Quem paga a conta dessa catástrofe, obviamente, é o povo, sobretudo. Cai nas suas costas perversidades como a “reforma” trabalhista, os ataques à legislação sindical e agora a ameaça da “reforma” da Previdência Social, que representa, concretamente, o fim da aposentadoria. Além dessa monstruosidade que é o desemprego em massa, uma autêntica tragédia social.
Esse é cerne desse projeto de poder. Ou seja: alguém precisa arcar com o ônus da crise que, noves fora tudo, não foi criada pelos trabalhadores. Ele precisa dos atentados ao Estado Democrático de Direito, pois não se sustenta sem afrontas à democracia, sem a lógica do Estado de exceção, sem ataques ao regime democrático, como assegura a Constituição que, por essa política, vive em constante ameaça, como se sobre ela pendesse uma espada de Dâmocles.

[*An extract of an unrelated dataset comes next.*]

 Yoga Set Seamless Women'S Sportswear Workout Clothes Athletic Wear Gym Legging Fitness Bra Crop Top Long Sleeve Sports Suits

Nesses seis meses, um dado relevante é que o campo democrático e progressista – especialmente as organizações populares, como as centrais sindicais e as entidades estudantis – se levantaram com força. As contestação aos cortes na Educação e à ofensiva contra a legislação social e trabalhista – com destaque para o combate à “reforma” da Previdência Social – se somaram a outras iniciativas, como a interlocução dos partidos de esquerdas com setores políticos mais amplos, um movimento que tende a ganhar densidade após as revelações do conluio de Sérgio Moro com os procuradores da força-tarefa da Operação Lava jato pelo site The Intercept Brasil e seus aliados.